Police arrested more than 700 people Saturday morning and searched protesters for items like the now-famed yellows vests they wear to signify allegiance to the country’s working class. Four people have died and scores more wounded during the weeks-long protests, which began in mid-November.
Protesters attempted to set a drugstore ablaze on the Champs-Élysées, placing burning Christmas trees against the building. A trove of riot police eventually dispersed the crowd and knocked down barricades the crowd placed in front of the buildings Officials hoped French President Emmanuel Macron’s decision to nix an unpopular carbon tax might help defuse the situation.

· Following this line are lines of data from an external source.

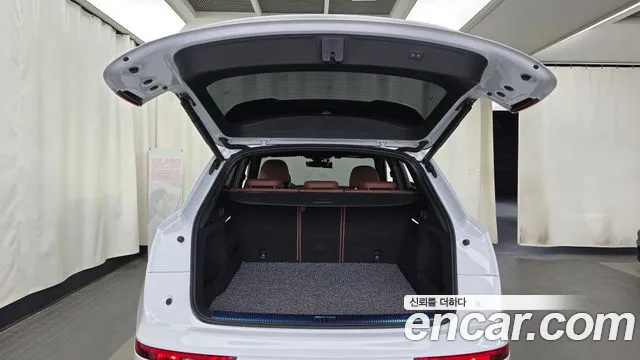 Audi Q5 FY — Фото автомобиля 20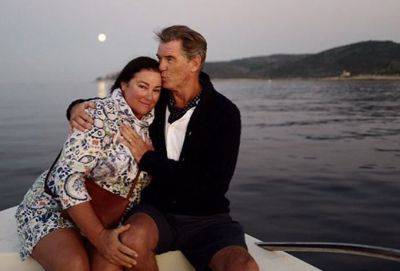 Счастливы навсегда: Пирс Броснан и его «персик» Кили Шэй Смит - cluber.com.ua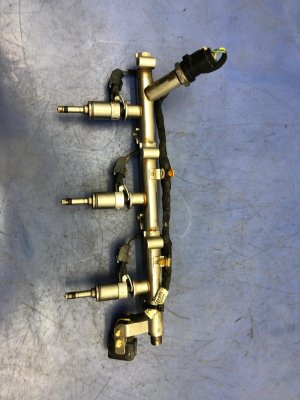 2018-2021 Lincoln Navigator Lower Direct Injection Fuel Injector Rail Assembly - Front (Used OEM)
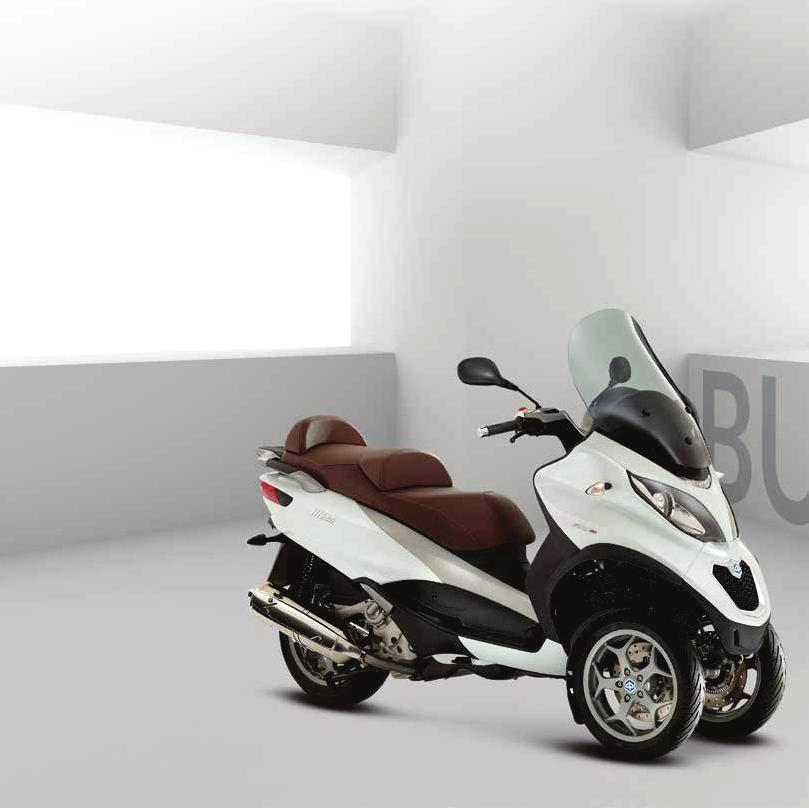 MP3 BUSINESS 300 ie LT ABS/ASR DEDICADA A TODOS OS QUE SE QUEREM MOVER COM UM ESTILO SÓBRIO E ELEGANTE NOVA PRETO UNIVERSO BRANCO ICEBERG A Piaggio MP3 foi totalmente renovada em termos estéti - cos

Those hopes were dashed on Saturday. “We drove all night,” Julien Lezer, an electrician from a resort town in France, told The New York Times. “We don’t agree with the current system anymore; it doesn’t represent us. It’s not in the regions that things change; it’s in Paris. It’s when the people from the regions go to Paris that the politicians listen.”
Others shared similar concerns about the direction Macron is attempting to take France.
Axelle Cavalheiro, who traveled to Paris from a rural section of France known for its agriculture, told reporters. “We are overtaxed; there are taxes on everything, gas,” he said. “At the Élysée, they spend 300,000 euros on carpeting, 10,000 a month for the hairdresser,” Cavalheiro noted, referring to the presidential palace.
Another demonstrator named John Schiltz, a train-track worker, promised to keep protesting until Macron resigns. “He has to go,” he told reporters, referring to the former banker-turned French president. “He’s adding all these taxes without helping us at all, it’s just tax, tax, tax.”
The protesters are growing louder as Macron’s approval rating dwindles. Still, the number of protesters has fallen since the demonstrations began in November; nearly 300,000 people turned out Nov. 17, and less than half of that on Dec. 1, according to French authorities. Officials have relied on armored vehicles to patrol Paris, which hasn’t happened since WWII.
Some are worried that the Yellow Vest movement could spread elsewhere. Police used extraordinary means to put down copycat protests in Belgium, another country seeking to enact stiff taxes on carbon. About 100 people were arrested as the police used tear gas and water cannons against Belgium protesters.